(Exercise instructions): The answer is the data below, repeated exactly, with no pictures included.

(Source material):

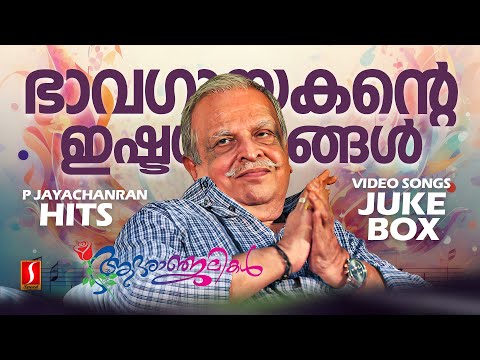 P Jayachandran Hits | ഭാവഗായകൻ്റെ ഇഷ്ടഗാനങ്ങൾ | Malayalam Films Songs | 90s Malayalam Songs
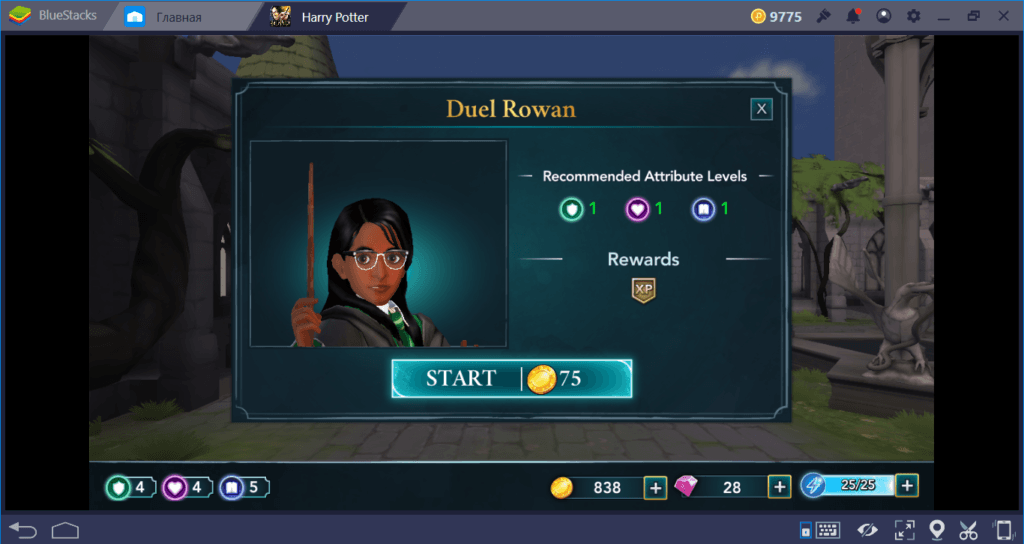 Hogwarts Mystery: гайд по дуэлям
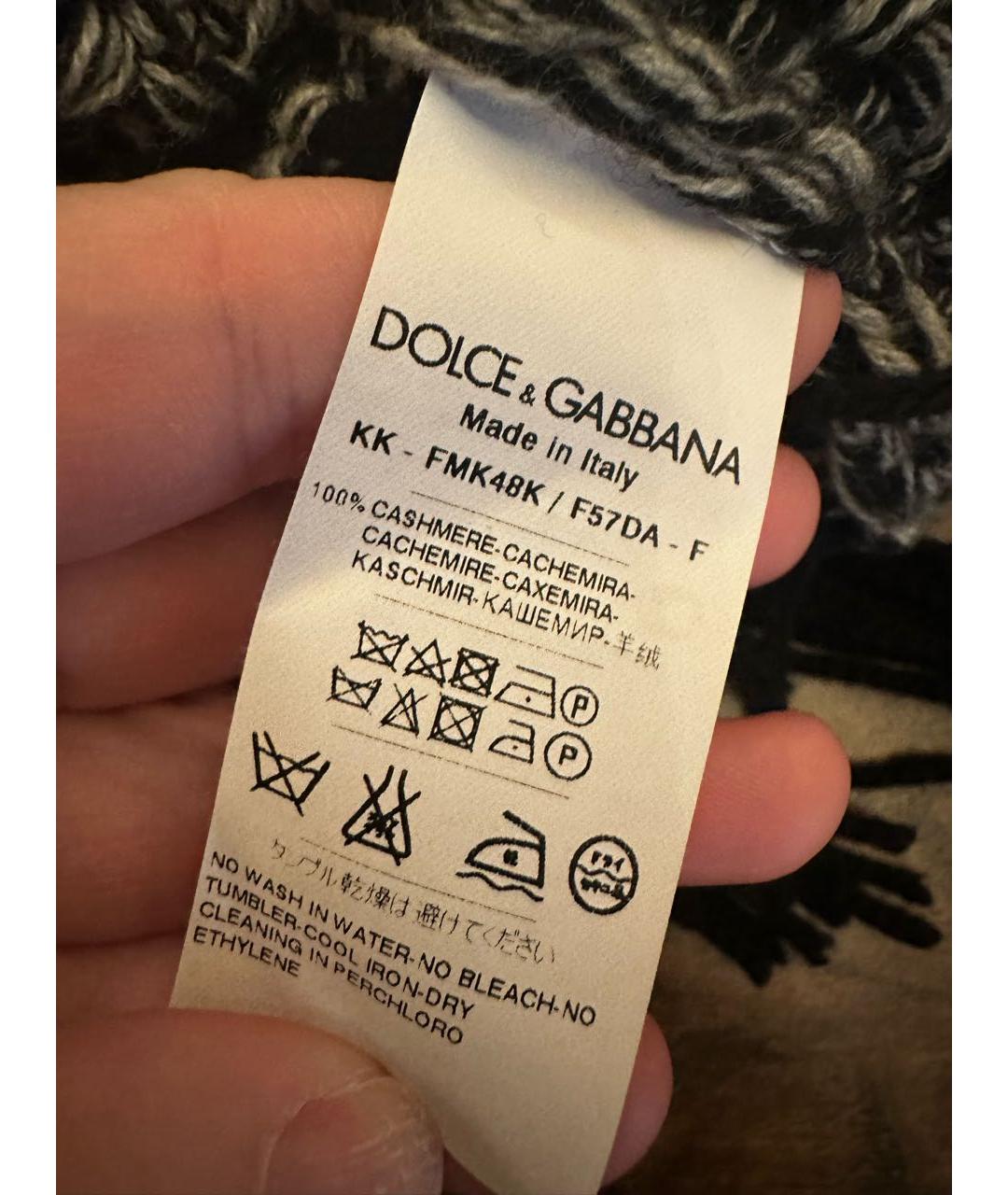 DOLCE&GABBANA Черная кашемировая юбка миди, фото 3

(Written answer):
 P Jayachandran Hits | ഭാവഗായകൻ്റെ ഇഷ്ടഗാനങ്ങൾ | Malayalam Films Songs | 90s Malayalam Songs
 Hogwarts Mystery: гайд по дуэлям
 DOLCE&GABBANA Черная кашемировая юбка миди, фото 3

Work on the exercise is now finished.